Generation → ingestion → storage → transformation → serving. Five stages, always in that order. Every pipeline you ever build is some slice of this lifecycle. That's the whole map.
The five stages, defined
1. Generation
Generation is where data is born, in the source systems — application databases, third-party APIs, event streams, IoT sensors, uploaded files. Crucially, the data engineer usually does not own or control these. You read from them; another team (or another company) decides their schema, their reliability, and when they change. A huge part of the job is dealing gracefully with source systems that change without warning. The source's shape — is it neat rows, or messy JSON? — drives every decision downstream, which is why we devote Relational fundamentals and Chapter 2 to it.
2. Ingestion
Ingestion is getting data out of the source systems and into your platform. This is often the hardest, most failure-prone stage, because it's where your reliable world meets the messy outside one. The central choices here are batch vs streaming (do you pull data in scheduled chunks, or continuously as it arrives?) — the entire subject of Batch vs streaming — and push vs pull (does the source send to you, or do you fetch from it?). Ingestion is also where idempotency earns its keep: networks fail mid-transfer, so an ingestion step must be safe to re-run without creating duplicates. Chapter 6 is dedicated to this stage.
3. Storage
Storage is keeping the data, durably and affordably, in a form the later stages can use. It is not a single decision — storage runs underneath the whole lifecycle (you store raw ingested data, store intermediate transformed data, store the final served tables). The key tensions are cost (object storage is cheap; databases are pricier) and query speed (how data is laid out on disk determines how fast and cheap it is to read — the heart of OLTP vs OLAP and Chapter 2's file formats). Choosing the storage layout is one of the highest-leverage decisions a data engineer makes.
4. Transformation
Transformation is turning raw, stored data into something trustworthy and useful: cleaning bad values, standardizing formats, joining datasets together, aggregating, and modeling it into business-friendly shapes (Chapter 4). This is where raw data becomes a data product. The big architectural question here — ETL vs ELT (transform before loading, or load first and transform inside the warehouse?) — is covered in Batch vs streaming, and the tooling (dbt, the modern data stack) in Chapter 7.
5. Serving
Serving is delivering the transformed data to the people and systems that consume it: analytics (dashboards, reports, ad-hoc SQL), machine learning (features and training data for models), and reverse ETL / data-driven applications (pushing modeled data back into operational tools). Serving is the point of the whole lifecycle — every earlier stage exists to make this one correct, fast, and affordable. If serving is wrong, nothing upstream mattered.
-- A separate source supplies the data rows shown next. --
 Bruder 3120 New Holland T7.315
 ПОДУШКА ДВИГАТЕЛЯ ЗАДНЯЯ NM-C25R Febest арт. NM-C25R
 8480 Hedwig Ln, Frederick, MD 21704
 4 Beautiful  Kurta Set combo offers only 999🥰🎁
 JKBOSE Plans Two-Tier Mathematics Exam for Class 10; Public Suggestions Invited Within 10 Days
The undercurrents: four concerns that run through every stage
The five stages are the horizontal flow. But four concerns cut vertically through all of them — they aren't a stage you do once; they apply at every stage. These are called the undercurrents, and missing them is what separates a toy pipeline from a production one.
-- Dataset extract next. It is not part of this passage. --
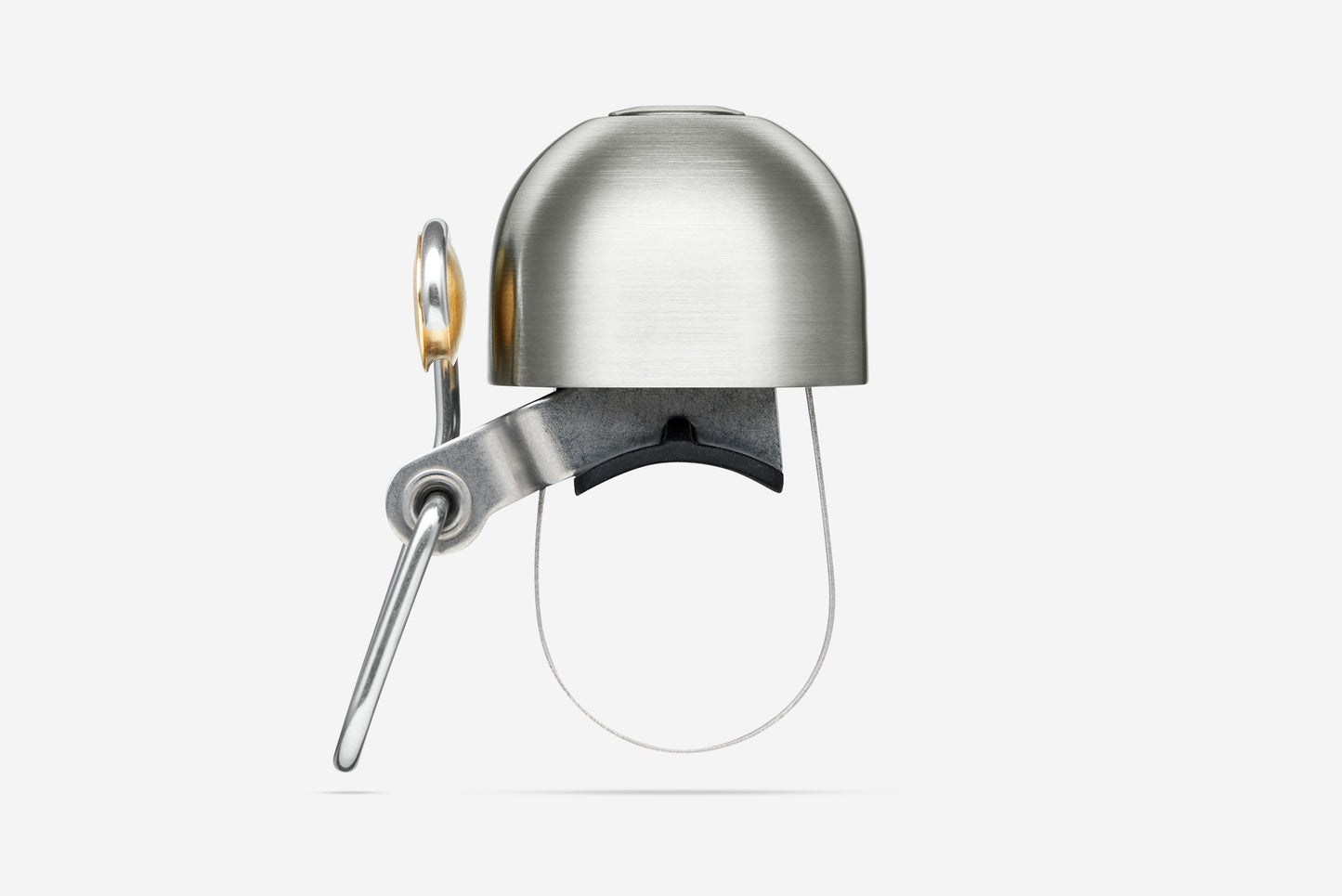 Spurcycle - Original Bell (raw+gld)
- Security — who can read or change the data, at every stage. Data is a liability as much as an asset; a leak at any stage is a breach. (The customer's side of the shared-responsibility line from the Cloud guide applies directly.)
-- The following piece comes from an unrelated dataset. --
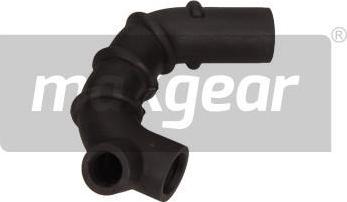 Maxgear 18-0541 - Hose, crankcase breather autospares.lv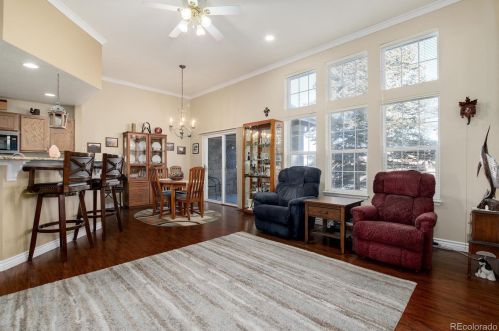 7776 Biloxi Way, Aurora CO  80016-7050 exterior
- Data management — governance, quality, cataloging, and lineage: what data you have, where it came from, whether it's correct, and who's allowed to use it. This is Chapter 11's territory and increasingly a legal requirement (privacy regulations).
- Orchestration — coordinating the stages so they run in the right order, on schedule, with retries when something fails. This is what turns five separate steps into one dependable pipeline (the DAG mental model from the previous lesson). Chapter 8 is dedicated to it.
- Cost — every stage spends money (storage to keep, compute to transform, egress to move). As established in the last lesson, cost is a first-class design constraint, evaluated throughout, not bolted on at the end.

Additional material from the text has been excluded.